**WORK TO BE COMPLETED:** Only the lines from the one that contains "We extend our" through the last line of the records should appear, each printed exactly as it is.
Start of RECORDS PROVIDED
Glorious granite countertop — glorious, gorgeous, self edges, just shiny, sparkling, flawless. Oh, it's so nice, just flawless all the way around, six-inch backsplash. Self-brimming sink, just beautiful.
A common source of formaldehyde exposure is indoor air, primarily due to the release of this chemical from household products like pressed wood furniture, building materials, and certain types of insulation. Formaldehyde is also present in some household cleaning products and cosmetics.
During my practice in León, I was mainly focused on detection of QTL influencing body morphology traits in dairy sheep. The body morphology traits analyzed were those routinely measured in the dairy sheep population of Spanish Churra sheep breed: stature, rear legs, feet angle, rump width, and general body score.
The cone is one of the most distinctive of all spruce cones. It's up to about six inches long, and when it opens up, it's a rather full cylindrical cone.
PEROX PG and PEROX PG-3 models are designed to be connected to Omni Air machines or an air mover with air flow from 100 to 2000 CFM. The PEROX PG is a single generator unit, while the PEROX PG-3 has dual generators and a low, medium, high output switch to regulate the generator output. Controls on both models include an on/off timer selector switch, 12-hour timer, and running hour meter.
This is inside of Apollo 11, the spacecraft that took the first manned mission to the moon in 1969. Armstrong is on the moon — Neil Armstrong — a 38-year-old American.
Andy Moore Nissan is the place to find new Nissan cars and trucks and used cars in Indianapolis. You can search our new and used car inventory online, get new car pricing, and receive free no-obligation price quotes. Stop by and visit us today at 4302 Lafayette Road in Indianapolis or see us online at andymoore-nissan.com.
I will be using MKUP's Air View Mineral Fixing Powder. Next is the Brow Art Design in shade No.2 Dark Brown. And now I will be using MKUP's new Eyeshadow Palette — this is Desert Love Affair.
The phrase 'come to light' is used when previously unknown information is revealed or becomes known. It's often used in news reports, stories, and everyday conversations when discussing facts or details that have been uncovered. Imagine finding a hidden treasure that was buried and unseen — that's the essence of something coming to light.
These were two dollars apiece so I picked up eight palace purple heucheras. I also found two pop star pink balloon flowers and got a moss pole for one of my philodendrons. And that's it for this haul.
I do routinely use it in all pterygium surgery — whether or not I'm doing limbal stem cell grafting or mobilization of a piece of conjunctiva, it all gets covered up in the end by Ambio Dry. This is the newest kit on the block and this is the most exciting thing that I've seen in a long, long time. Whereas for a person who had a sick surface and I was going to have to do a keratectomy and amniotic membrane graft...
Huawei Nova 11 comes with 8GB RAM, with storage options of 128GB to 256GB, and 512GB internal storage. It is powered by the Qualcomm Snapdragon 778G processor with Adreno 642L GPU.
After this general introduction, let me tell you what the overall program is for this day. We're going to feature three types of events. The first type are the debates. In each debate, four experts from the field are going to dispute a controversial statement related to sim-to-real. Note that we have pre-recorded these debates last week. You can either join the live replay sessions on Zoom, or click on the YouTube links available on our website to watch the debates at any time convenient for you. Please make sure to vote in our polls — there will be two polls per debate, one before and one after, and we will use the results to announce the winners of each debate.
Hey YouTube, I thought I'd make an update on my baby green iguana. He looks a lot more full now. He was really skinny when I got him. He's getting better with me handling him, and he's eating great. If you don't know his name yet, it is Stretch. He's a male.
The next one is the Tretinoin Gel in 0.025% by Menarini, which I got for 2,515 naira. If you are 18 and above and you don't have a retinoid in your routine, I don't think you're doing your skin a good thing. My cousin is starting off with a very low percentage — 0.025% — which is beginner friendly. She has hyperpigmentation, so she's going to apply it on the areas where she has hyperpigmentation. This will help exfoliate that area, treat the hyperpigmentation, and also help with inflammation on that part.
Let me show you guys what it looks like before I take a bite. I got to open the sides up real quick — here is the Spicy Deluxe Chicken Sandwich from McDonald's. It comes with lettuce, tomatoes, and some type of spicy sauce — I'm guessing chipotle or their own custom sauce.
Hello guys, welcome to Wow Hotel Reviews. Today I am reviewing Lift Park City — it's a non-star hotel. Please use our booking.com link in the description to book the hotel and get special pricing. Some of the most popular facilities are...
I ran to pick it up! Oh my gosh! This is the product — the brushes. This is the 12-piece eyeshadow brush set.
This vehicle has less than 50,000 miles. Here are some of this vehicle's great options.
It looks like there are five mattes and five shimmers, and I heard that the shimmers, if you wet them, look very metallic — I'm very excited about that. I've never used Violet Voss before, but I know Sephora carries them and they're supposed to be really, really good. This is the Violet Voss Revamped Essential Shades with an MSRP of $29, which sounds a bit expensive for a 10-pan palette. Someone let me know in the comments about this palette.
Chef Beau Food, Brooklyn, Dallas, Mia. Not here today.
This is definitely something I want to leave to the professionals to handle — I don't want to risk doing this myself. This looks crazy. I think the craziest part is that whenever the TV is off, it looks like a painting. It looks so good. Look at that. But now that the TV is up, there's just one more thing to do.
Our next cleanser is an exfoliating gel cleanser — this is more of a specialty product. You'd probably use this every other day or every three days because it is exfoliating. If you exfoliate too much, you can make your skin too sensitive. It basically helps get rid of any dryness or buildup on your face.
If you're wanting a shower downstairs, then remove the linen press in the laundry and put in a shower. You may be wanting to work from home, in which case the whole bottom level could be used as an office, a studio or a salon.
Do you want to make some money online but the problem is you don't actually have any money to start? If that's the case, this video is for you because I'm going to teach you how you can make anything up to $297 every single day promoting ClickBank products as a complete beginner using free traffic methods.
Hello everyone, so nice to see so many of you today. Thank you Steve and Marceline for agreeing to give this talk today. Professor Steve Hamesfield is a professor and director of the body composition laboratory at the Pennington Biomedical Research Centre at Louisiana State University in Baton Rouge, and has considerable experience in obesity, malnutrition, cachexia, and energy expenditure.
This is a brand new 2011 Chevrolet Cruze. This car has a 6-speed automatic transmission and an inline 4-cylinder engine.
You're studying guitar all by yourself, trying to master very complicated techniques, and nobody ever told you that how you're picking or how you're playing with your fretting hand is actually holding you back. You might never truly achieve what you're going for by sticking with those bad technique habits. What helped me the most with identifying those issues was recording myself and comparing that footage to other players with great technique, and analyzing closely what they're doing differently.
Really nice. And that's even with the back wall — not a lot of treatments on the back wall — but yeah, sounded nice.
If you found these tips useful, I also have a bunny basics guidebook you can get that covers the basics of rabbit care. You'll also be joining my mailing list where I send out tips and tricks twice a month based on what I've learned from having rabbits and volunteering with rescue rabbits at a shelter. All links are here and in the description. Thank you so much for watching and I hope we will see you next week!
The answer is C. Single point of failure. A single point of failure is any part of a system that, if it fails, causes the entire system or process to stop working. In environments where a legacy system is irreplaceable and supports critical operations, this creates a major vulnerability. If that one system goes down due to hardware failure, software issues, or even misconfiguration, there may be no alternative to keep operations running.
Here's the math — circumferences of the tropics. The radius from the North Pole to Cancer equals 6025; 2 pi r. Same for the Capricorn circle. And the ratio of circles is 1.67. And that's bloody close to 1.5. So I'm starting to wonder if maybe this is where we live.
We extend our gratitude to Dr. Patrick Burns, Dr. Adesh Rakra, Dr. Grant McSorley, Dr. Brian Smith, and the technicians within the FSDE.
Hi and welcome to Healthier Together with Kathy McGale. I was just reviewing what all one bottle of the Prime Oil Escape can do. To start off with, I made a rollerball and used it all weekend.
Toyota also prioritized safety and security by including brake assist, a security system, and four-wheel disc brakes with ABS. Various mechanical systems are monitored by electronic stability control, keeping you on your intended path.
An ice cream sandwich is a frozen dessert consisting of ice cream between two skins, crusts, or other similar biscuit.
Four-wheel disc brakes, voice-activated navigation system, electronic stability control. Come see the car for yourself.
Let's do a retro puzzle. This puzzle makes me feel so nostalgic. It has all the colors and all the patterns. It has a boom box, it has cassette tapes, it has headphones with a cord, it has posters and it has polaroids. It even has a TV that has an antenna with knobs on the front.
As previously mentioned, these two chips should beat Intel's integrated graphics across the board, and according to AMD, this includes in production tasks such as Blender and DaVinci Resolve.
End of RECORDS PROVIDED
**SOLUTION FOR THIS PROBLEM:**
We extend our gratitude to Dr. Patrick Burns, Dr. Adesh Rakra, Dr. Grant McSorley, Dr. Brian Smith, and the technicians within the FSDE.
Hi and welcome to Healthier Together with Kathy McGale. I was just reviewing what all one bottle of the Prime Oil Escape can do. To start off with, I made a rollerball and used it all weekend.
Toyota also prioritized safety and security by including brake assist, a security system, and four-wheel disc brakes with ABS. Various mechanical systems are monitored by electronic stability control, keeping you on your intended path.
An ice cream sandwich is a frozen dessert consisting of ice cream between two skins, crusts, or other similar biscuit.
Four-wheel disc brakes, voice-activated navigation system, electronic stability control. Come see the car for yourself.
Let's do a retro puzzle. This puzzle makes me feel so nostalgic. It has all the colors and all the patterns. It has a boom box, it has cassette tapes, it has headphones with a cord, it has posters and it has polaroids. It even has a TV that has an antenna with knobs on the front.
As previously mentioned, these two chips should beat Intel's integrated graphics across the board, and according to AMD, this includes in production tasks such as Blender and DaVinci Resolve.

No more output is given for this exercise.